Die Handlung wiederholt sich im Übrigen mehrfach, mit den selben Personen, dem selben Ablauf, den gleichen wässrigen Ausreden, weshalb die Heldin mal wieder eben verschwinden muss … Zusammenfassend passiert also eigentlich fast nichts, man entdeckt nichts und die Story kommt nur schleppend voran. Dies in Kombination mit der inkonsequenten Charakterentwicklung und den unlogisch späten Erkenntnissen, macht die Lektüre zu einem äußerst zähen Stück blutlosem Schinken.
The Rest Falls Away gehört der Gattung Paranormal Romance an, aber aufgrund des Schreibstils mag kaum Romantik aufkommen. Auf den letzten Seiten soll es dann plötzlich erotisch werden, wovon man leider auch nicht viel mitbekommt, denn es fallen bloß ein paar eindeutige Wörter, die nicht zum bisherigen Stil passen wollen. Das ist nur der letzte einer Vielzahl von sprunghaften Richtungswechseln, die aus dem Nichts auftauchen, sich nicht fließend in die Handlung einfügen wollen und auch eigentlich keinen Sinn ergeben, ganz zu schweigen davon, dass es den Roman noch irgendwie retten könnte.
Beim Lesen dieser Lektüre gewinnt man vor allem einen Eindruck: Die Autorin ist eine Anhängerin der Gothic-Szene und sie hat eine Vorliebe für Korsetts und Piercings.
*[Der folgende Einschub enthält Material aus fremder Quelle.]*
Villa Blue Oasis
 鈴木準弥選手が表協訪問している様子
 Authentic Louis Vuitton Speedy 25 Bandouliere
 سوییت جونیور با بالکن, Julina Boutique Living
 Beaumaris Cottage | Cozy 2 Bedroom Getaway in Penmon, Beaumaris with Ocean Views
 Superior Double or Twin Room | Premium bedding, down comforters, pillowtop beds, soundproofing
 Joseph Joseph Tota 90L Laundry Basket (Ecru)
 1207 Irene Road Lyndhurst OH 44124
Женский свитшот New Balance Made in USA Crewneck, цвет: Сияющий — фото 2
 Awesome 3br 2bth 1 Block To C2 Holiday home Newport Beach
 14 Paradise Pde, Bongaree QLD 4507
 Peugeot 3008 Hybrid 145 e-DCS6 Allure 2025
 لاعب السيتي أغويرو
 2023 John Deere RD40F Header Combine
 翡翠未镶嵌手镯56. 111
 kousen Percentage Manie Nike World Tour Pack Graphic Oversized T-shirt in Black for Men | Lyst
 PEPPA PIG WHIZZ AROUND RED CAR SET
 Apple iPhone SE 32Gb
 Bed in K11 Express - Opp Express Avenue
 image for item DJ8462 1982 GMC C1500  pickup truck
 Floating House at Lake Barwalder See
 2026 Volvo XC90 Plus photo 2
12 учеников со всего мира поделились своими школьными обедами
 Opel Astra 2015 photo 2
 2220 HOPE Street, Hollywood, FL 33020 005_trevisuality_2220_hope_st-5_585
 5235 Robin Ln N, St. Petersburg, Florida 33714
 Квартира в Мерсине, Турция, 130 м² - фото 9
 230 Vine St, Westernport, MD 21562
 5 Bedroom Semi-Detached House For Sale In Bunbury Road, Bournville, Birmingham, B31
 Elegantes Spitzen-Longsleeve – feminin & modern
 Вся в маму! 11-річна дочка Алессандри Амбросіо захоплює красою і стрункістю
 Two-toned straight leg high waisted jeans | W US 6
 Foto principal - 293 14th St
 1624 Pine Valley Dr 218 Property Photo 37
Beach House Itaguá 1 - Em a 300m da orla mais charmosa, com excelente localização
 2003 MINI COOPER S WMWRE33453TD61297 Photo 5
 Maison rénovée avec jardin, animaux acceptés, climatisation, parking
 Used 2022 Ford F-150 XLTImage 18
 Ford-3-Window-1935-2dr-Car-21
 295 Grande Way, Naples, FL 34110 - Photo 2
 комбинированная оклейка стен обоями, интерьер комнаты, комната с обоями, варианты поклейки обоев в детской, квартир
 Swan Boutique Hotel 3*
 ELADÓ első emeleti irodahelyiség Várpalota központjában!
Was sie leider nicht hat, ist das Talent, eine flüssige und überzeugende Geschichte zu schreiben. Wer nun denkt “Hey super! Ich gehöre auch zur Szene!”, der vergesse es besser gleich wieder. Dieser Roman bietet viele Ansätze und Versuche, die offen stehen bleiben wie eine unfertige Skizze, die man nun gerne ausarbeiten würde. Es gibt in diesem Buch neben sehr vielen Kopf-schüttel-Situationen lediglich zwei (unbeabsichtigte) Lacher, die mit den erwähnten Piercings zusammenhängen und die einzige Entschädigung für die investierte Lesezeit darstellen.
Wie es schon im Titel heißt: The Rest Falls Away.